Data listing |
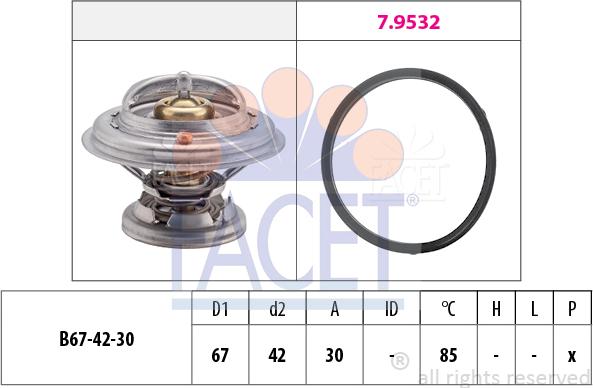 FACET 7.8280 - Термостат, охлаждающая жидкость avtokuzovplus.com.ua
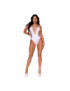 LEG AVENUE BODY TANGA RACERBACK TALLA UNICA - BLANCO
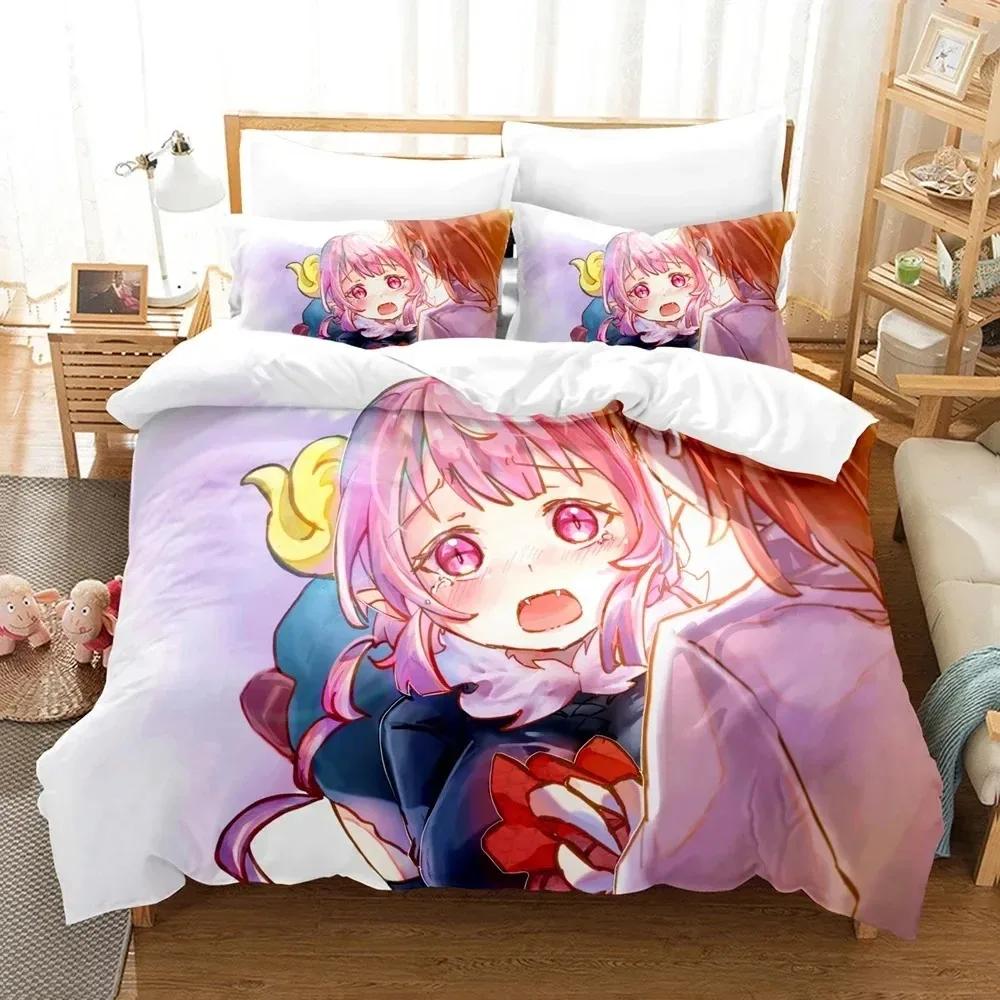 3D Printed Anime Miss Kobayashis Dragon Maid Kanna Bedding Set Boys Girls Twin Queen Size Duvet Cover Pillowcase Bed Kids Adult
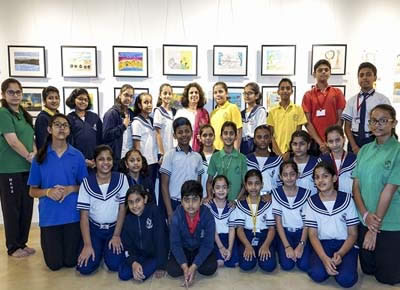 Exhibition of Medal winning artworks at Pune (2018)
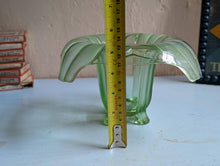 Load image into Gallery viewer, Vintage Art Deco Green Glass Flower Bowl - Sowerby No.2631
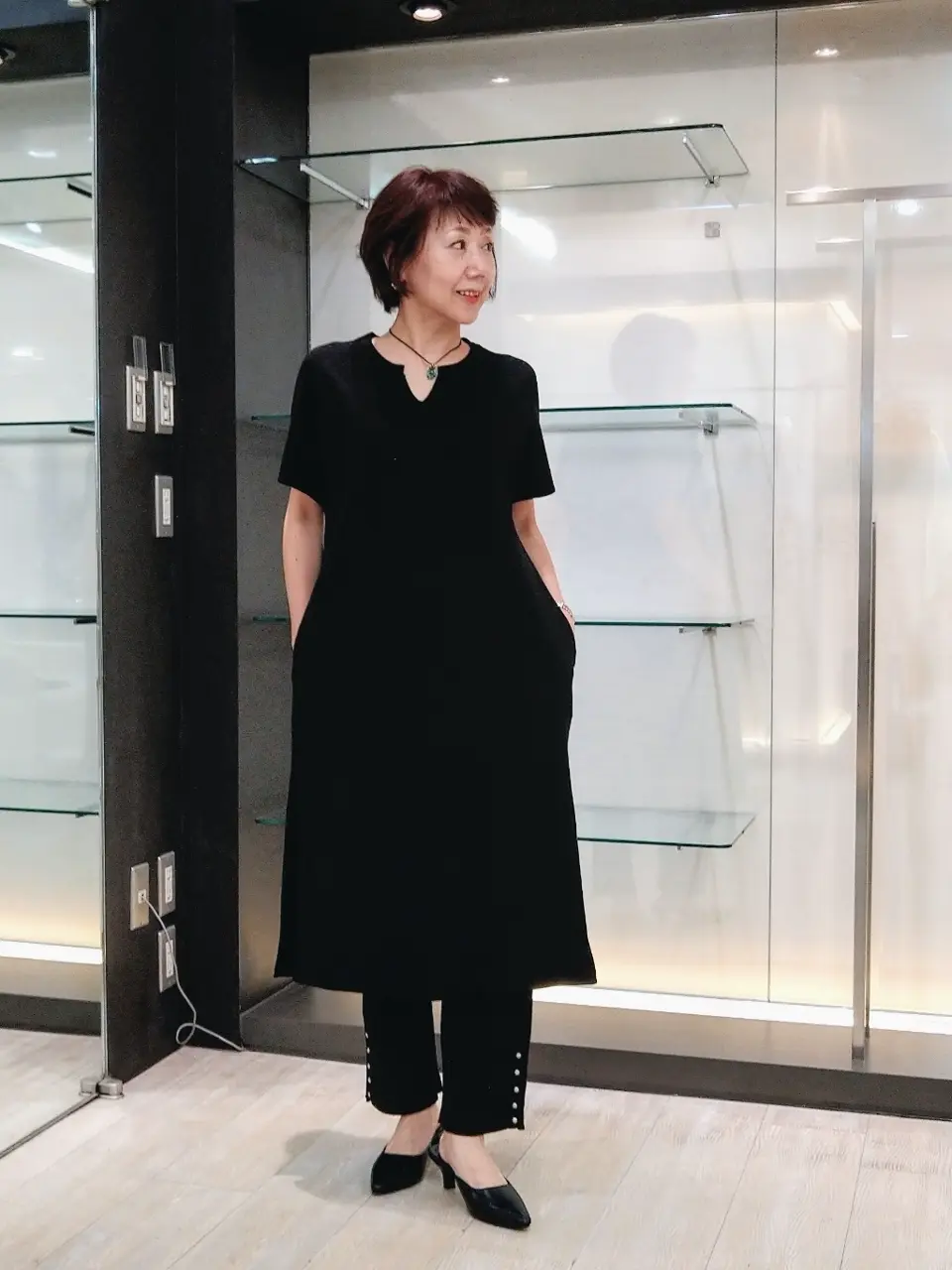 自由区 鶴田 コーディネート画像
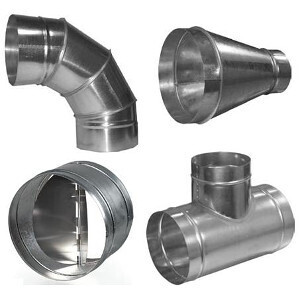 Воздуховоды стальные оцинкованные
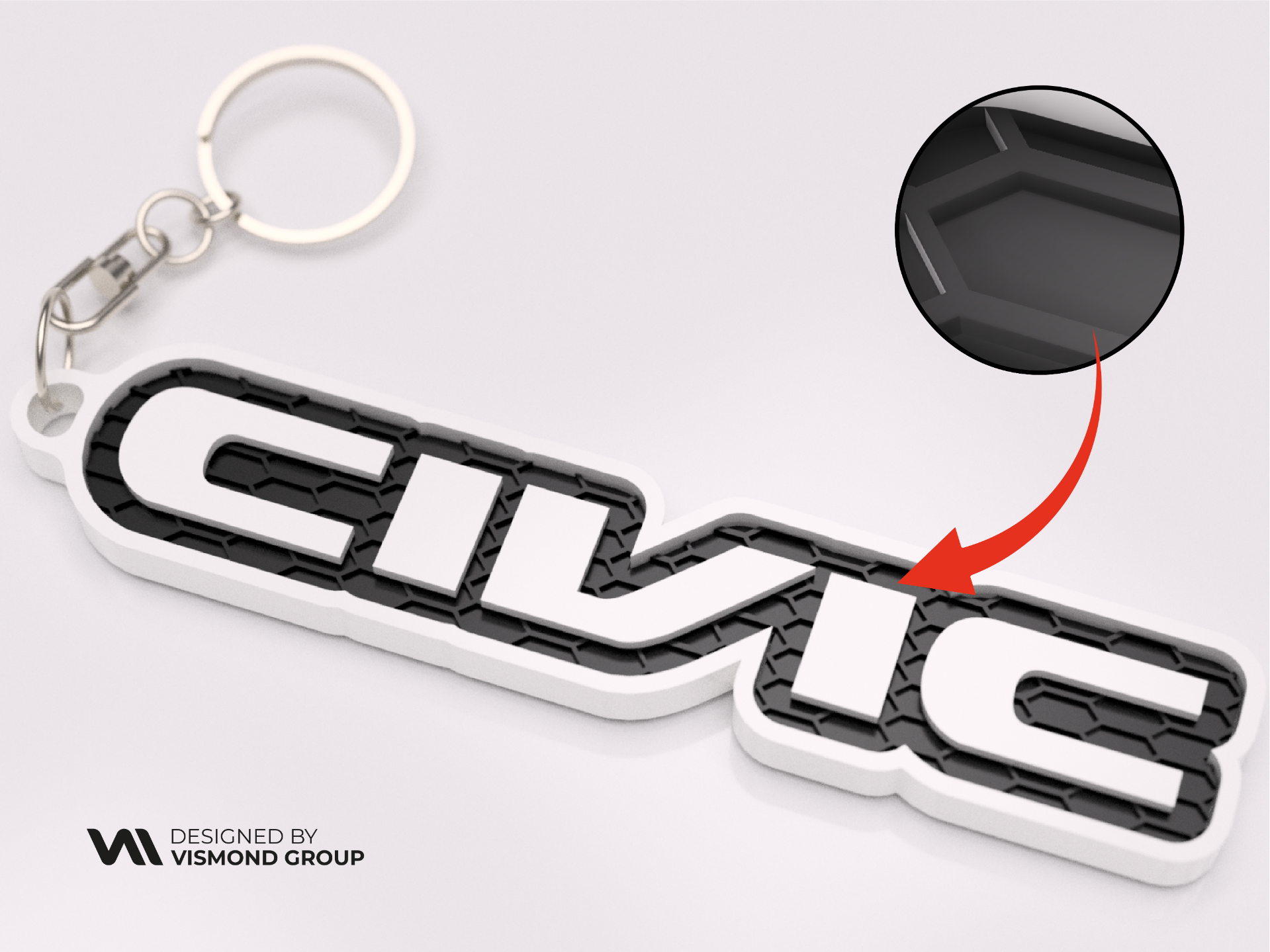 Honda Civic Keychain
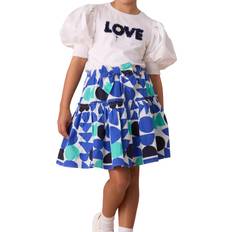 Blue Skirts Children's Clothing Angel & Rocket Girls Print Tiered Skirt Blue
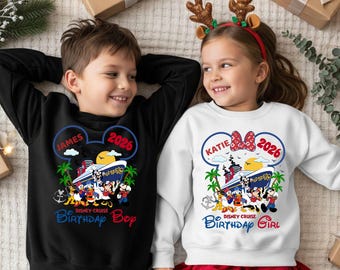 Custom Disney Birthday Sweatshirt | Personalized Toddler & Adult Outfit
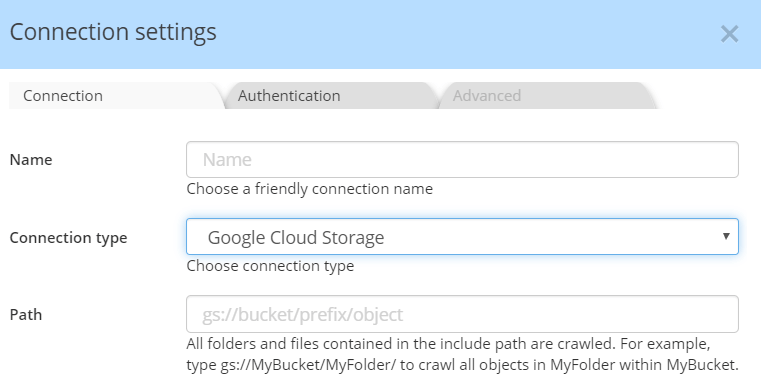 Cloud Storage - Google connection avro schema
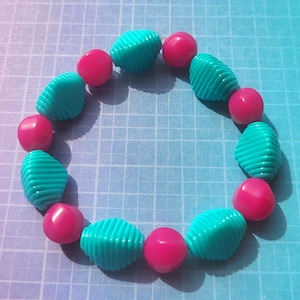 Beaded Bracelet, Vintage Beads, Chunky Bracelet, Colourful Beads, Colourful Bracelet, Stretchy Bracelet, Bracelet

Try it |
Return the material exactly as given, apart from the pictures.

Output of the exercise |
 FACET 7.8280 - Термостат, охлаждающая жидкость avtokuzovplus.com.ua
 LEG AVENUE BODY TANGA RACERBACK TALLA UNICA - BLANCO
 3D Printed Anime Miss Kobayashis Dragon Maid Kanna Bedding Set Boys Girls Twin Queen Size Duvet Cover Pillowcase Bed Kids Adult
 Exhibition of Medal winning artworks at Pune (2018)
 Load image into Gallery viewer, Vintage Art Deco Green Glass Flower Bowl - Sowerby No.2631
 自由区 鶴田 コーディネート画像
 Воздуховоды стальные оцинкованные
 Honda Civic Keychain
 Blue Skirts Children's Clothing Angel & Rocket Girls Print Tiered Skirt Blue
 Custom Disney Birthday Sweatshirt | Personalized Toddler & Adult Outfit
 Cloud Storage - Google connection avro schema
 Beaded Bracelet, Vintage Beads, Chunky Bracelet, Colourful Beads, Colourful Bracelet, Stretchy Bracelet, Bracelet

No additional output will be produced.